First, just considering the data size. While GPT's size is impressive, it's estimated to be under 1 million terabytes.
In contrast, the vast expanse of the internet size is more in the billions of terabytes. Comparatively, it's kind of contrasting a water bottle with fifty Olympic-sized swimming pool. The difference is huge.
Going beyond data size, LLMs exhibit an amazing understanding of language, enabling them to abstract and infer based on context. This capability doesn’t come from accessing a vast database of facts but from what we call "parametric knowledge." This enables LLMs to generate the most probable text sequences in response to a given input.
However, it's crucial to distinguish: parametric knowledge isn't synonymous with facts. It is similar to what we use to call “tacit knowledge” in the earlier days of AI.

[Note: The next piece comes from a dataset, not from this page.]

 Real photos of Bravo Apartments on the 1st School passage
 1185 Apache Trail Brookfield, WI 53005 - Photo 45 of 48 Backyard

Think of it this way: an LLM's knowledge reservoir is similar to our human memory. We recall certain facts or phrases from all we've learned, connecting ideas and thoughts seamlessly. Interestingly, common sense facts (like: “fever is bad”) that we experience (and document) over and over is the type of knowledge, intuitive and non implicit, that makes its way into the parameters.
Most of the time, our recollections are accurate, but occasionally, just like anyone, we might mix up details or even embellish a bit. After all, who hasn't done that once in a while? 😉 I certainly have, only to be met with friends or family asking: "Show me the data! You are making up the numbers!".

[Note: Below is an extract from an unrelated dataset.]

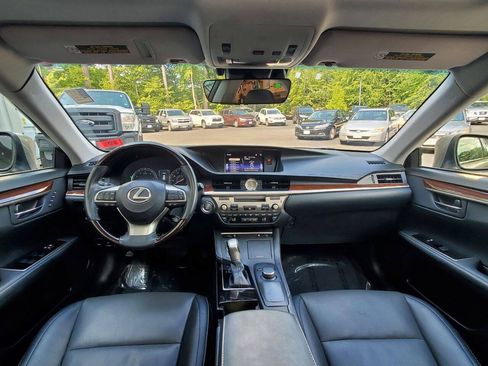 Used 2018 Lexus ES 350 w/ Premier Package FWD image 13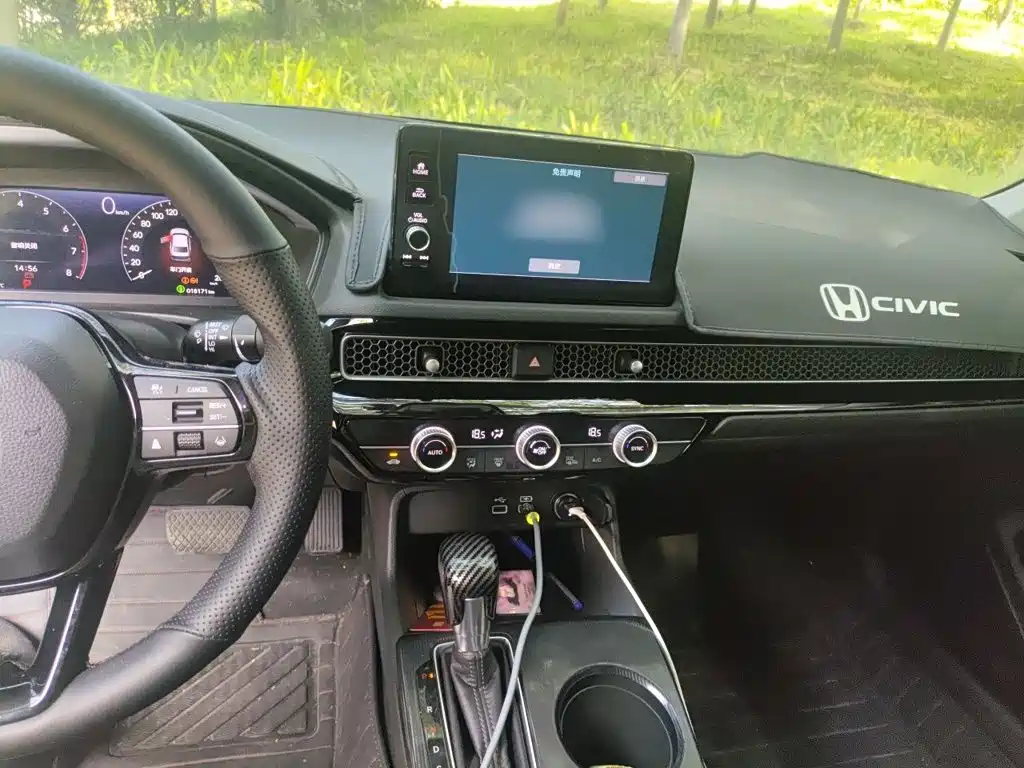 Honda Civic — фото 6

This is what, in the context of LLMs is called hallucinations and this is this is the #1 reason why, in B2B, LLMs and generative AI haven't (and cannot?) succeeded for tasks heavily dependent on content generation.
Using only parametric knowledge for answering questions is like asking your fresh MBA assistant to help only using its memory , not giving they access to a library or to Google. It is like going back before writing and printing and relying only on “brain to brain” knowledge transfer.

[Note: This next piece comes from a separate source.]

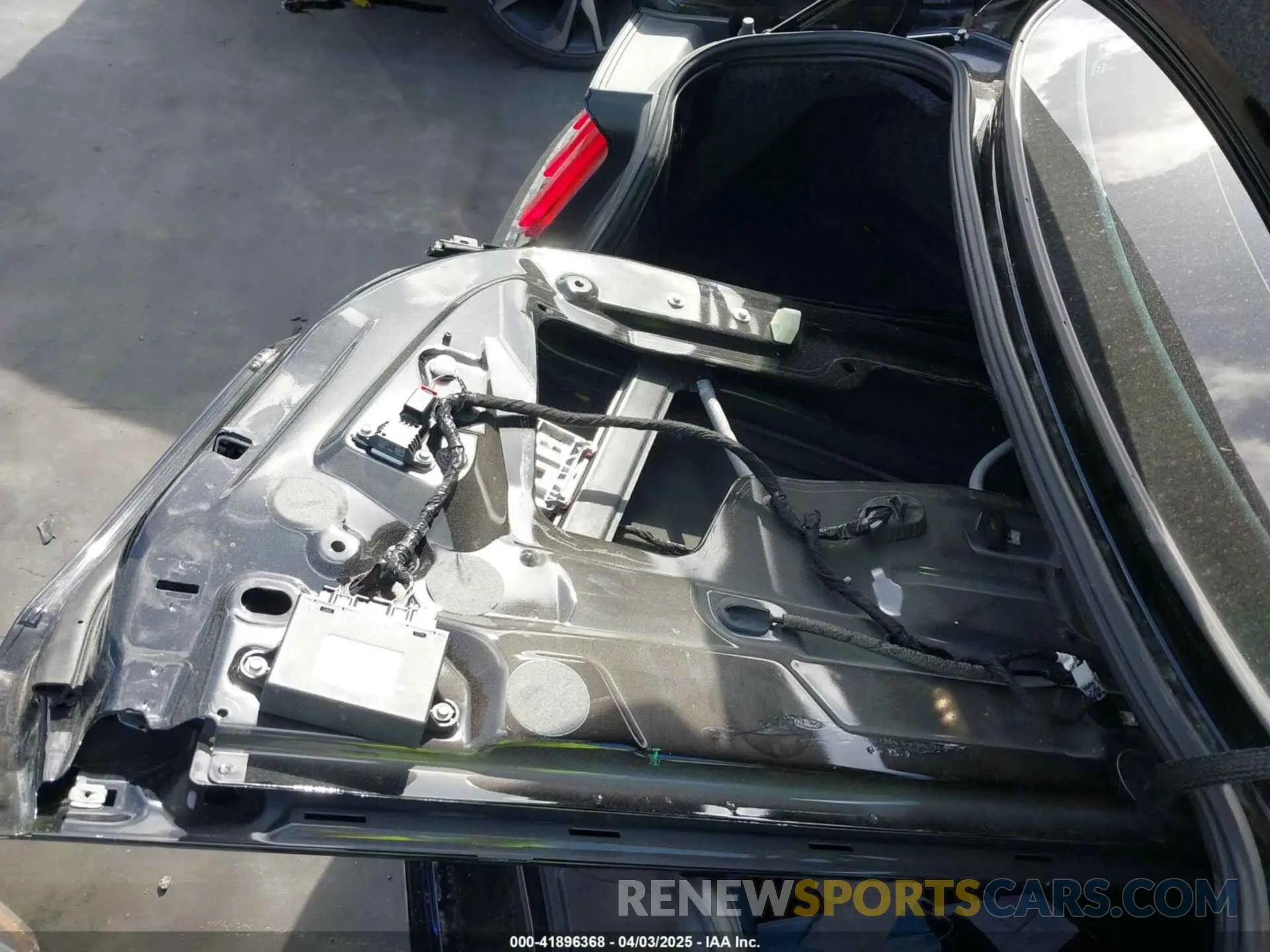 18 fotografías del automóvil dañado 1FA6P8TH9N5143342 FORD MUSTANG 2022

The invention of writing and printing has indeed been a condition for business. Think about it: banking accounts, laws, contracts, records, product descriptions…. there is no business without factual recorded knowledge. Business and B2B demands explicit knowledge.
While it's OK and even desirable to have creative liberties in advertising copy or artistic endeavors (hallucinations are not really a problem for image generation), the stakes are undeniably higher in B2B. B2B applications demand precision, accountability, and trustworthiness and answers must not only be accurate but also verifiable and dependable.
The net is that for B2B, an application cannot depend on parametric knowledge only and has to rely on external sources, using an architecture called Retrieval Augmented Generation.
This architecture works this way:
1- a body of knowledge, specific to the B2B task is built and encoded, sometimes in different formats (semantic vectors, plain text, knowledge graph). (RAG Knowledge set)
2- at inference time, the user query is compared to the RAG knowledge set and the most relevant articles/part of articles are added to the context of the query
3- the augmented prompt is sent to the LLM with instruction to formulate an answer relying on the information present in the context.
A more developed architecture is described in this document from Andreessen Horowitz. It shows (upper right) the need for a Vector database that encodes custom knowledge and is retrieved and passed as context at inference time.
The consequences for Corporations is that B2B generative applications are pivoting towards data and search challenges:
Data Collection Concerns:
Availability and Context: Do we possess the necessary data, and can we pinpoint the relevant context? Should we enrich the data with public, social, private data that are commercially available?
Accuracy and Organization: Is our data precise, and systematically arranged?
Completeness: Are there gaps in our data repository?
Data Structuration Dilemmas:
Storage Modalities: Should our data be housed within a file system, a document management platform, an SQL database, a semantic vector database through embeddings, or perhaps a knowledge graph?
Granularity of Data: What should be the optimal size of our "data chunks"?
Embedding Strategies: Which technique is most suitable for embedding our data?
Search Challenges:
Volume: How many documents should our search retrieve? Keep in mind that although LLMs allow larger and larger contexts, most business models are “pay per token” and the larger the context the more we pay. Plus it is not clear that very large context
Matching: How can we best align the user's "prompt" with our knowledge repository?
Opportunities with NLP:
At every juncture of this process, there are potential enhancements and optimizations that Natural Language Processing (NLP) can offer.
Overall this is not really new. The challenges and approaches resonate with AI & NLP projects that industry professionals have been grappling with since the 1980s.